Not P but Moby-Dick (7)

Ian Livingston igrlivingston at gmail.com
Sat Sep 2 01:05:08 UTC 2023


Again I see a pun. The paragraph prior to the passage you cite here dwells on Stubb’s apparent ease, reconciliation, if you will, with laboring in close proximity to death. To set that image against the clerks peddling fascination with and distraction from the fear of death common among citizens such as themselves wasting time yearning after and resenting their lives rather than living, like Stubb, in the fervor of the moment, Melville gives grinning Stubb a truly fire breathing character. 

Thus the (morose) “grave peddlers” offer for sale the gravity of want and fear of life and death, and Stubb grins over his pipe at them. 

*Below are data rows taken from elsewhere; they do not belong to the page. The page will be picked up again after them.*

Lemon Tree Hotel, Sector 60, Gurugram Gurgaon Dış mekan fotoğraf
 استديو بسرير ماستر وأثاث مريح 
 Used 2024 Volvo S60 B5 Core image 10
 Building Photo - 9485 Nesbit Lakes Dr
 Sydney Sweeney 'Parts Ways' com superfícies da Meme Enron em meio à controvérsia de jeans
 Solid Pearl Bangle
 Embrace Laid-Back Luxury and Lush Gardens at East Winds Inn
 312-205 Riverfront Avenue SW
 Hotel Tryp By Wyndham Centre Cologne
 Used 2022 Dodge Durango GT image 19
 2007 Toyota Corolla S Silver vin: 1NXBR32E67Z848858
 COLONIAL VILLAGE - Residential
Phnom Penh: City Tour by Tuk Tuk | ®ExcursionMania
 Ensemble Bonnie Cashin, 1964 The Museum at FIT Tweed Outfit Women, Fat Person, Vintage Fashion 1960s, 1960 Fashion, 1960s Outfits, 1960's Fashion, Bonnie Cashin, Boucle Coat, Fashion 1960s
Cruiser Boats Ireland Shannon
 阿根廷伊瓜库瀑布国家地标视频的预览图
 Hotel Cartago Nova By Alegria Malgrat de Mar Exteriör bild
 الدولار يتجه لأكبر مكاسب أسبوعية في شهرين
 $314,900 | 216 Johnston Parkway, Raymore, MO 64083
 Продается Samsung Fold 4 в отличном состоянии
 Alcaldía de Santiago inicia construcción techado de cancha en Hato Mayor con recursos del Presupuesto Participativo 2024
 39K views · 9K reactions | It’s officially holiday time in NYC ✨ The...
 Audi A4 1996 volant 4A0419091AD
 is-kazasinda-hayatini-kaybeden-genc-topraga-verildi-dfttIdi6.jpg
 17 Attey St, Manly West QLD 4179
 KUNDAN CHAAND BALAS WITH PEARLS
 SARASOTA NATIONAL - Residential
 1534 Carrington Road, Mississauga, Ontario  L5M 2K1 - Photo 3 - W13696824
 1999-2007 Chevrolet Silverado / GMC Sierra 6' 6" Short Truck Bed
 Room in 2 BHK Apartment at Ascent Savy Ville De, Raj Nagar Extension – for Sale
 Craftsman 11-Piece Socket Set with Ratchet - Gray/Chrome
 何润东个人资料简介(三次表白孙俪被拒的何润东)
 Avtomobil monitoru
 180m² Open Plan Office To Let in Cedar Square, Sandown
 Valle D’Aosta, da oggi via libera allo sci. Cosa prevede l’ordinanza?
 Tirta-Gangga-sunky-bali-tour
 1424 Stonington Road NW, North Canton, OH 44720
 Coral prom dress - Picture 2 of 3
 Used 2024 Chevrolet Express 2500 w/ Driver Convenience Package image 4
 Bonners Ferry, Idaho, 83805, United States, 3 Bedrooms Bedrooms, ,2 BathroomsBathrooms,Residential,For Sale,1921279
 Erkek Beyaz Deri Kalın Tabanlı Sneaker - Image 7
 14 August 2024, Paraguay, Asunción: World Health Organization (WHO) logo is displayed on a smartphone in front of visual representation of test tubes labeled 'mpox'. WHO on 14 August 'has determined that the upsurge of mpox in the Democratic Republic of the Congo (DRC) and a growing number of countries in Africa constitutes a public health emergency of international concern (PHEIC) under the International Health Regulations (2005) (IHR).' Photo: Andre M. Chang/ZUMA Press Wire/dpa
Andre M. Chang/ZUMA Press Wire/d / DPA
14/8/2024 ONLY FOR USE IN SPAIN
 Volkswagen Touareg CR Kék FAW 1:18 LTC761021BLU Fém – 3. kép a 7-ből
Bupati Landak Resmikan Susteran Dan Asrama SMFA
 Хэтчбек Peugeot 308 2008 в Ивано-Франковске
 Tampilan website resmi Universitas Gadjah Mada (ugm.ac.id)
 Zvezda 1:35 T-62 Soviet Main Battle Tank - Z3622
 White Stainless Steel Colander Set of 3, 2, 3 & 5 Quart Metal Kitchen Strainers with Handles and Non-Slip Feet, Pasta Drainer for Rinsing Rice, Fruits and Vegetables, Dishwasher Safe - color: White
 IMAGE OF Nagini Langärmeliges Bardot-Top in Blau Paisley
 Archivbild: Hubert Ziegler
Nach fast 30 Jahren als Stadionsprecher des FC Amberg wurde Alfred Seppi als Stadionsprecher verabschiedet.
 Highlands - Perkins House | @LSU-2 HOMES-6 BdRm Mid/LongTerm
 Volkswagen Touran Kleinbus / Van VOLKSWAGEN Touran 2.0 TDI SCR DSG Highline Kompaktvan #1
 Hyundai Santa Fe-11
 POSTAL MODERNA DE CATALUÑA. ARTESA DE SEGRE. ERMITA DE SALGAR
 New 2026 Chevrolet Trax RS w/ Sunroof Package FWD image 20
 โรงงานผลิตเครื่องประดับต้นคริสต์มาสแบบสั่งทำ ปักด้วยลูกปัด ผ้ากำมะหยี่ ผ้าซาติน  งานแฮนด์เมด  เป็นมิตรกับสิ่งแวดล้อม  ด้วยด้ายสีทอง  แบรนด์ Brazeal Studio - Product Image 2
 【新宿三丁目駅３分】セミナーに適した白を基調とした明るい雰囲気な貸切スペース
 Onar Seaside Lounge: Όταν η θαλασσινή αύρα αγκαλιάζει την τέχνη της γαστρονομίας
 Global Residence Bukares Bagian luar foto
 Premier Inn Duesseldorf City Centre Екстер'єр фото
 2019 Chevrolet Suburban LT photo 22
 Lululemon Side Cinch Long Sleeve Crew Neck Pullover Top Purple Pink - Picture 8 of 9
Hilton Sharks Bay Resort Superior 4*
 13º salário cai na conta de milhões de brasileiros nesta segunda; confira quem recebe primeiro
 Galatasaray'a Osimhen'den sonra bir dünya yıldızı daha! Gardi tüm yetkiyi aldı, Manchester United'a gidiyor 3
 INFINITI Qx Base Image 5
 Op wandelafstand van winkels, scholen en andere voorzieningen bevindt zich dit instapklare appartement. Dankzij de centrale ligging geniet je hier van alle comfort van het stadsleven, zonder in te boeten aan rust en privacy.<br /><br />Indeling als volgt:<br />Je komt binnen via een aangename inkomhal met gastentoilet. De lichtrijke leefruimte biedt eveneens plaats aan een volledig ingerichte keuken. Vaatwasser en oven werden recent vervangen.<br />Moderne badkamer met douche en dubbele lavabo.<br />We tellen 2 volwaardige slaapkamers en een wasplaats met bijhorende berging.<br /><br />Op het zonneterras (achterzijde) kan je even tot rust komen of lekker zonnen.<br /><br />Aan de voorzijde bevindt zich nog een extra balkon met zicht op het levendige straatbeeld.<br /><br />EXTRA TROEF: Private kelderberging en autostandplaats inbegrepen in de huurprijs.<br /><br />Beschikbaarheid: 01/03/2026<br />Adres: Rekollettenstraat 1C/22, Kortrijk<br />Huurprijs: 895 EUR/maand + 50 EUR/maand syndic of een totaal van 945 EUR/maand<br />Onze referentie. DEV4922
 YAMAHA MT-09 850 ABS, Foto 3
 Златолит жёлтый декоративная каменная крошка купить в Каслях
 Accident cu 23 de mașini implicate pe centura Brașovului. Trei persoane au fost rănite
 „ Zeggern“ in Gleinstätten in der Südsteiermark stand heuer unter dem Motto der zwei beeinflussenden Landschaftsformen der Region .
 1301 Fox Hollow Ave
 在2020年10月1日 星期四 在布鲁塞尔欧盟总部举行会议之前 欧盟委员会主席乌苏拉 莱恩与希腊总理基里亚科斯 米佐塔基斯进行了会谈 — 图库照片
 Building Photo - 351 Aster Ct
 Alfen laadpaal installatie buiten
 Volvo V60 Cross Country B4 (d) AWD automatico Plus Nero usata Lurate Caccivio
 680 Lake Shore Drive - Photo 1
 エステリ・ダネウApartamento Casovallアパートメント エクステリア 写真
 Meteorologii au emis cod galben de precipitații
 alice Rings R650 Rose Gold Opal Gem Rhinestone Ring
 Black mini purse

All very existentialist, really. Again I find myself wondering if there’s a trail to be found between Kierkegaard and Melville. 

Sent from my iPhone

> On Sep 1, 2023, at 4:09 PM, Mike Jing <gravitys.rainbow.cn at gmail.com> wrote:
> 
> The following excerpt is from Chapter 27:
> 
> What, perhaps, with other things, made Stubb such an easygoing, unfearing
> man, so cheerily trudging off with the burden of life in a world full of
> grave peddlers, all bowed to the ground with their packs; what helped to
> bring about that almost impious good-humor of his; that thing must have
> been his pipe.
> 
> Several of the previous translations interpreted "grave peddlers" as
> "peddlers of graves", which I feel is wrong.  I think the word "grave" here
> means "serious, not mirthful or jocular," is that correct?